O Estado de S.Paulo - 25/06
Complicou de vez o ambiente da economia brasileira, com as turbulências esperadas no mercado de câmbio e inesperadas dos protestos que ganharam as ruas do País. As margens de manobra da política econômica ficaram agora, com o desenrolar dos novos acontecimentos internos e externos, ainda mais apertadas.
A chamada "nova matriz" de política econômica já vinha fazendo água antes mesmo do advento dessas forças com potencial desestabilizador. A crença de que juros básicos mais baixos teriam o condão de destravar o investimento e, com isso, suportar expansão do consumo, sem pressões inflacionárias incontornáveis, não foi confirmada pela realidade.
Mesmo numa trajetória de baixo crescimento e de deterioração das contas externas, os juros voltaram a subir. Agora, com a reversão abrupta da tendência de valorização do real, terão de subir mais, para evitar estragos inflacionários ainda maiores. A forte volatilidade externa, decorrente da decisão americana de refrear a injeção de liquidez praticada nos últimos anos, foi a pá de cal da "nova matriz".
O diagnóstico crítico desse desenlace aponta para um excesso de medidas de fôlego curto e amplitude limitada que, em combinação com hesitações na abertura de concessões na área de infraestrutura, inibiu os investimentos e tirou potência da política econômica. Para completar o cenário negativo, isenções, desonerações e trucagens contábeis, em ambiente de encolhimento das receitas públicas, produziram uma expansão fiscal disfuncional que, aos poucos, com a persistência da inflação, foi perdendo a capacidade de manter o consumo aceso.
Natural que quadro tão adverso alimente nostalgias do tripé meta de inflação, responsabilidade fiscal e câmbio flutuante - inaugurado com Fernando Henrique em 1999, mantido por Lula e pouco a pouco abandonado por Dilma. Pode ser que, na ausência de políticas alternativas, mais adequadas à nova realidade introduzida pela crise global, a restauração do tripé ainda seja uma saída possível do momento.
É preciso lembrar, contudo, que o modelo de ortodoxia cambial, fiscal e de contenção de preços não é uma panaceia. Na verdade, as evidências mostram que, salvo em condições especiais, o tripé é incapaz de evitar baixo crescimento, inflação alta e riscos de crises cambiais.
Sob a vigência do tripé em estado puro, no segundo mandato de FHC, por exemplo, a média anual de inflação ficou 8,8% e o crescimento médio anual não passou de 2,1%. Em 2001, com tripé e tudo, a economia só cresceu 1,3% e a inflação chegou a 7,67% (centro da meta de 4%, com banda de 2 pontos).
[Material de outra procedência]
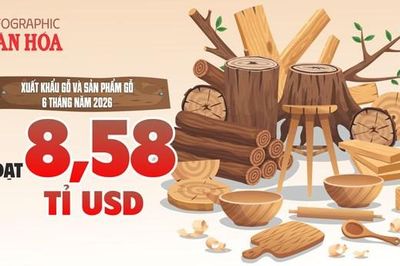 Xuất khẩu gỗ Việt Nam thu về 8,58 tỉ USD sau 6 tháng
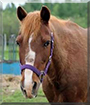 Penny the Welsh Pony cross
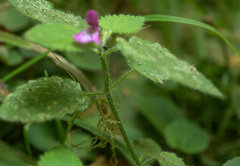 Stachys mexicana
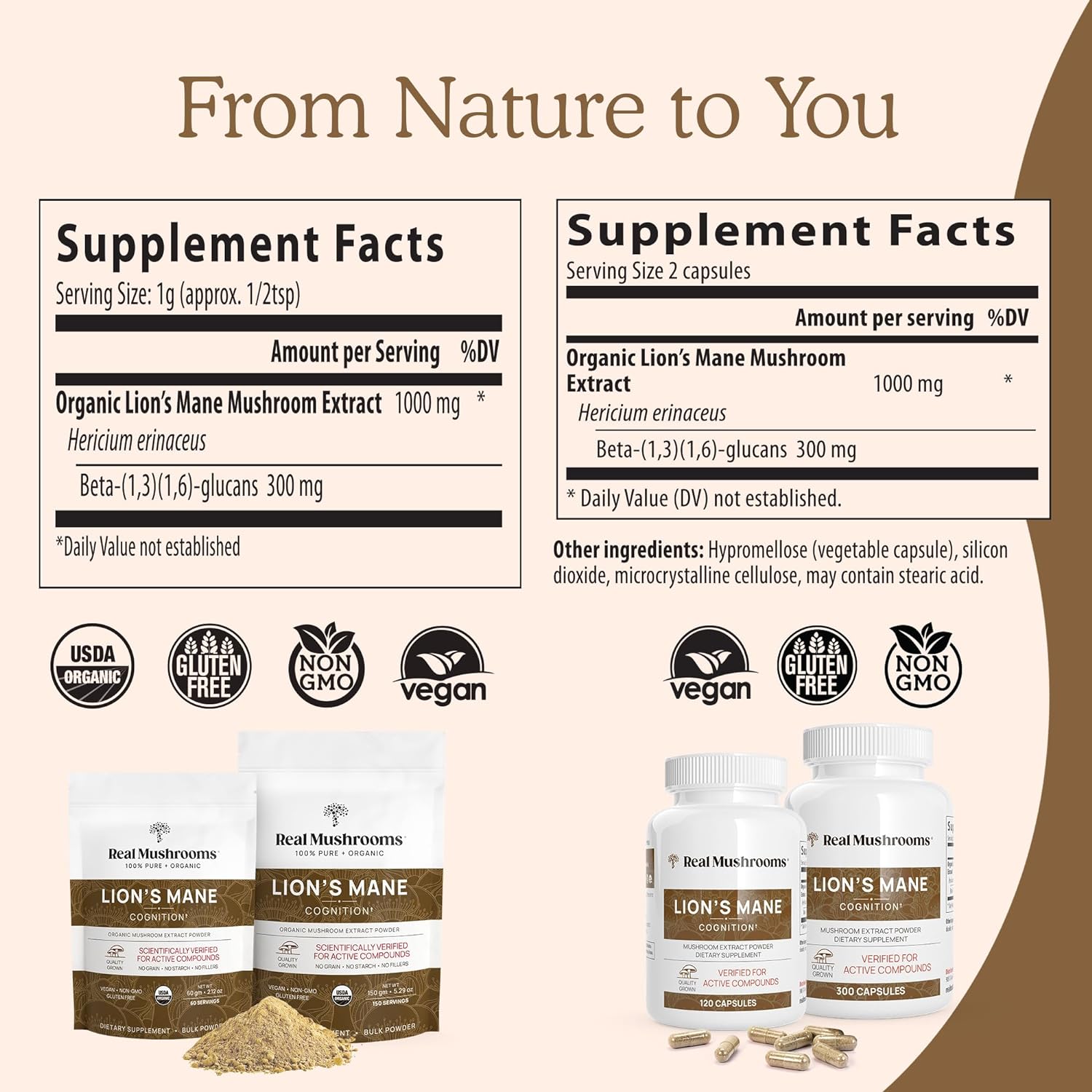 Mushroom Supplement | Lion's Mane, 120 Capsules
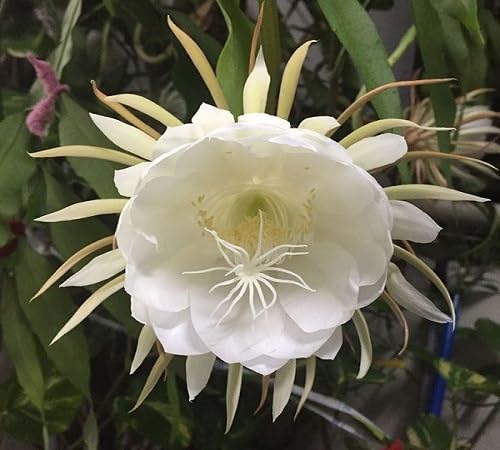 White Fersh Epiphyllum Flower Seeds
Foi pior ainda no ano seguinte, na passagem para Lula, quando a inflação bateu em 12,53% (meta de 3,5% e banda de 2 pontos) e o crescimento resumiu-se a 2,6%, num período de disparada da cotação do dólar e de crise cambial - esta só acalmada com a negociação em bases extraordinárias de um acordo com o FMI.
Em sua relativamente curta história, o tripé só produziu resultados sem ressalvas em alguns anos dos governos de Lula. Mas, então, o tripé precisou de uma quarta perna para mostrar o seu valor - a do setor externo. O fato é que sem saldos comerciais positivos, que limitem os déficits em contas correntes, e sem ingressos de recursos externos, o tripé não faz milagres.
Lula contou com a boa sorte da alta na cotação das commodities básicas e um período de abundante liquidez global. Assim foi possível manter o câmbio valorizado sem risco de crise cambial. E assim o País cresceu, mesmo com juros altos, incorporou novos consumidores, sem pressionar a inflação, e ainda fez a festa dos rentistas. Lula, porém, não soube aproveitar a chance que se apresentou para livrar a economia da sina do baixo crescimento e da valorização da moeda, que ajuda a segurar a inflação, mas potencializa o risco de crises cambiais. Essa triste sina volta a nos assombrar.